Elbow Macaroni with Comté Cheese and Baby Spinach Recipe

Coquillettes au Comté et Pousses d’Epinard

A lot can be learned about your cooking self by considering what you eat when you’re on your own. I have friends who are simply not hungry when they’re alone, who forget to eat (say what?), who don’t consider it a real meal if there’s no dining companion, or — and I am not making this up — who just eat a Kinder Surprise, build the little toy and call it dinner.

What’s most surprising to me is that some of them are great cooks, but somehow they don’t find it worth the effort to use their talents if it’s just for their own benefit. I say, you should treat yourself as if you were your own guest.

Eating dinner alone is a unique opportunity to eat exactly what I please and how I please, and relish my sweet solitude.

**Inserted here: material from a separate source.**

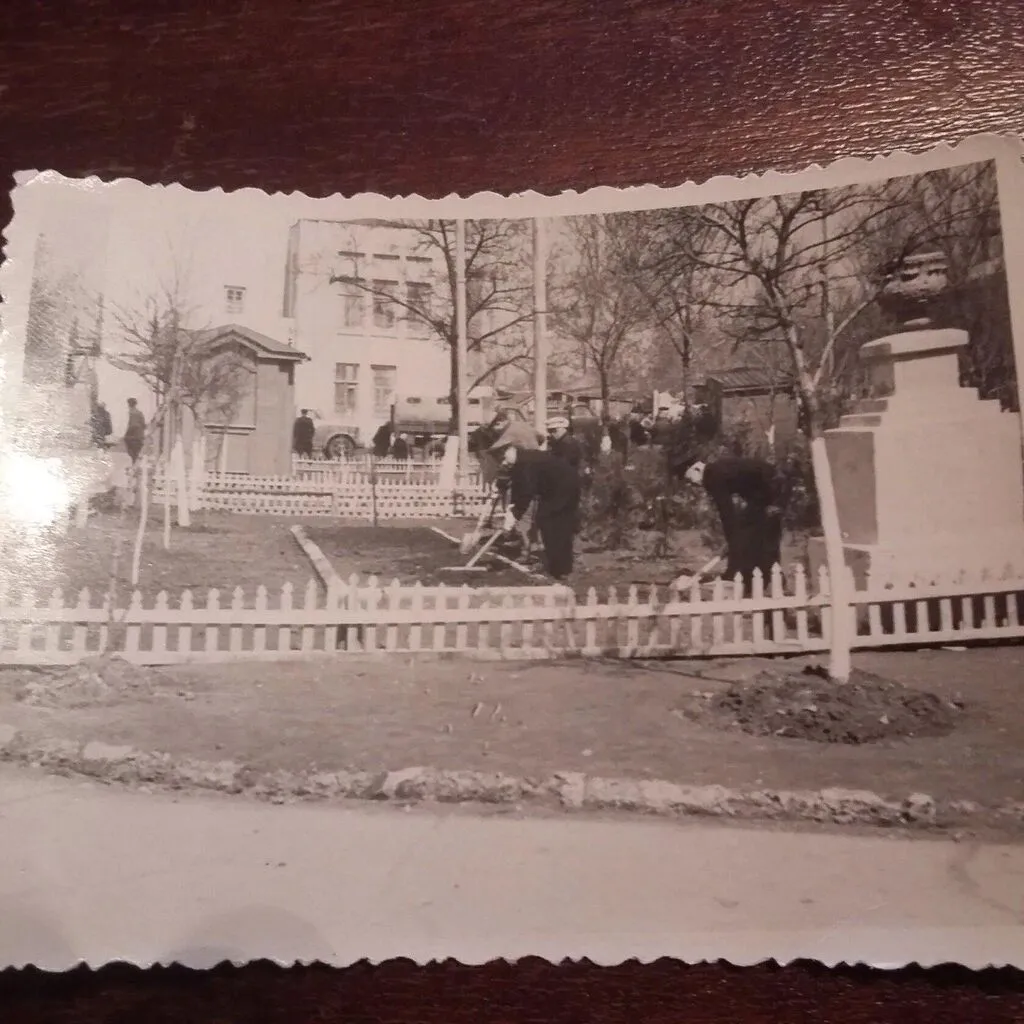 Привокзальный сквер, выход в город 1950-е годы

I understand the desire to keep things simple when no one’s looking, and I’m not saying you should prepare multiple courses or unleash a parade of votive candles, but to me, dinner alone shouldn’t be expedited as if it were a chore. Instead, I see it as a unique opportunity to eat exactly what I please and how I please, and relish my sweet solitude. In my world, this usually means eating from a bowl, on the couch, while watching an episode of whatever television series I’m currently devouring.

This effortless pasta dish is one of my standbys. Perhaps unsurprisingly, it is a variation on a dish I ate as a child: for a slightly more grown-up flavor, I now add shredded baby spinach leaves, which soften in the arms of the pasta, and a dash of freshly grated nutmeg to complement the greens and cheese.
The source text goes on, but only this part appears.